State lawmakers are moving forward with a plan to radically overhaul the tax credit offered to Mainers to help with student loan debt.
A new proposal endorsed unanimously by the Legislature’s Taxation Committee this week would replace the cumbersome Education Opportunity Tax Credit with a simpler version that supporters say would help many more Mainers.
“It’s an extreme simplification of the program,” said Sen. Matthew Pouliot, an Augusta Republican who sponsored it.
The new proposal, which apparently has the backing of Gov. Janet Mills, would apply to Mainers who graduated after 2007 and offer up to $2,500 in refundable tax credits for student loan payments they make each year.
Anya Trudy, director of legislative affairs for the state Department of Administrative and Financial Service, said the administration is “very excited” about the looming revision of the tax credit.
“It’s going to radically simplify it,” she told the committee.
Backers said it would mean that as many as 40,000 Mainers would get up to $2,500 apiece to help them cope with the burden of their student loans. Nobody would get more from the credit than they actually paid back for their loans.
“Let’s just cut to the chase here: the state of Maine is paying off student loan debt” if the measure wins approval this session, Pouliot said.
About 13,000 Mainers use the existing tax credit to get back some money each year, officials said, with the median credit about $2,000.
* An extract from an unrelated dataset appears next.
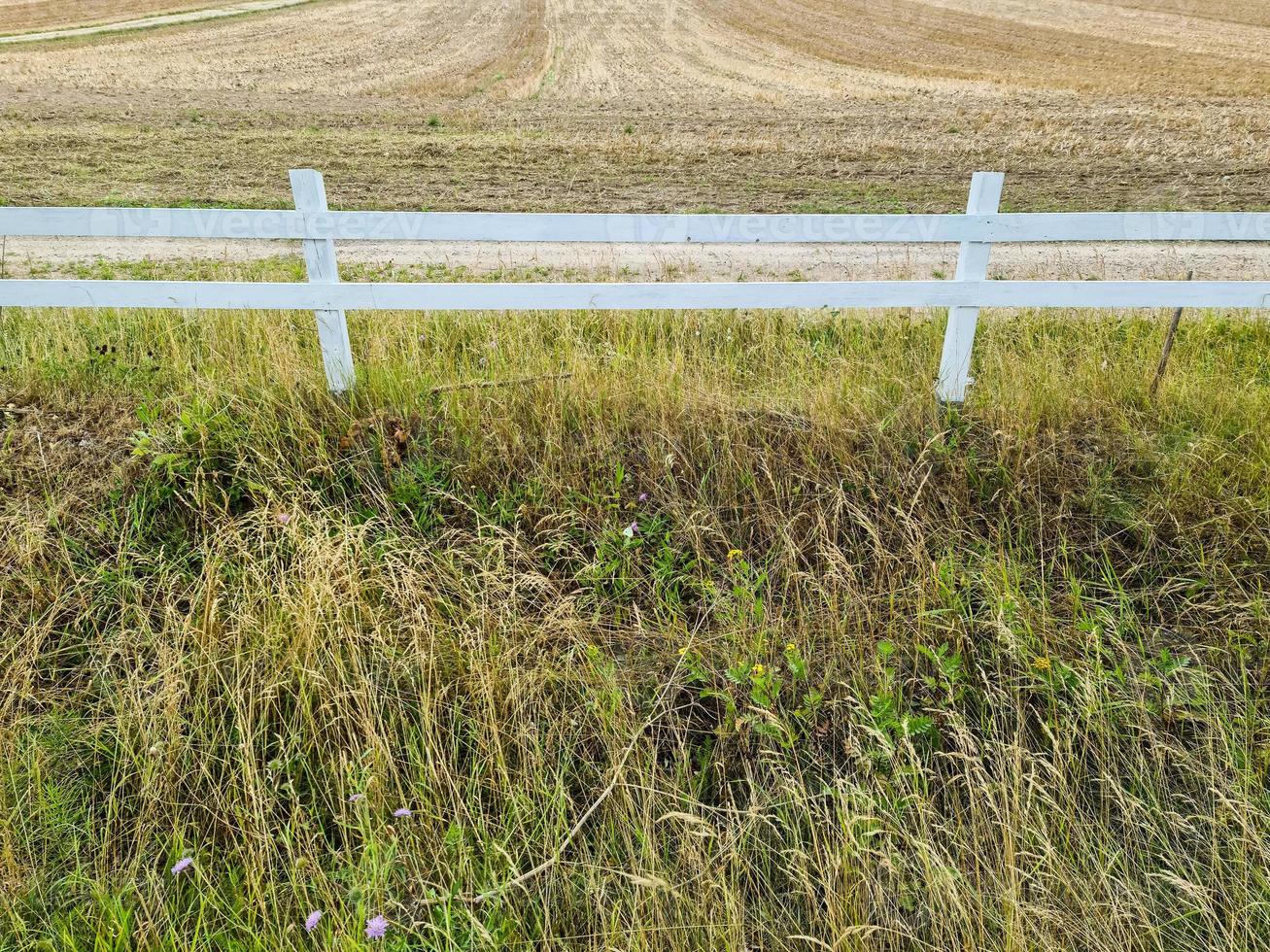 Schöner hölzerner Pferdezaun auf einem landwirtschaftlichen Feld an einem Sommertag. foto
Some receive nearly $4,000, however, and could face a reduction in the assistance they receive from the state.
“For them, it’s going to be quite a shocker,” said Sen. Benjamin Chipman, a Portland Democrat who co-chairs the tax panel.
Pouliot said it’s better for Maine to “rip the Band-Aid off right now” and fix the program to support more Mainers who “are getting hosed” under the current tax credit because it’s too narrow and complicated to use.
The “little cohort of folks” who might end up in worse shape under the proposed change, as Pouliot put it, may wind up with some relief, though. The administration is discussing whether there’s a way to ease the transition for those Mainers.
The new proposal, worked out by lawmakers and members of Mills’ administration, would drastically reduce the complexity involved for both bureaucrats and people struggling to pay off student loan debt, backers said.
Pouliot said experts who have been involved anticipated that three times as many Mainers would take advantage of a simplified credit.
Under the proposal, which needs the backing of the Legislature and Mills, the new credit would likely take effect in 2023.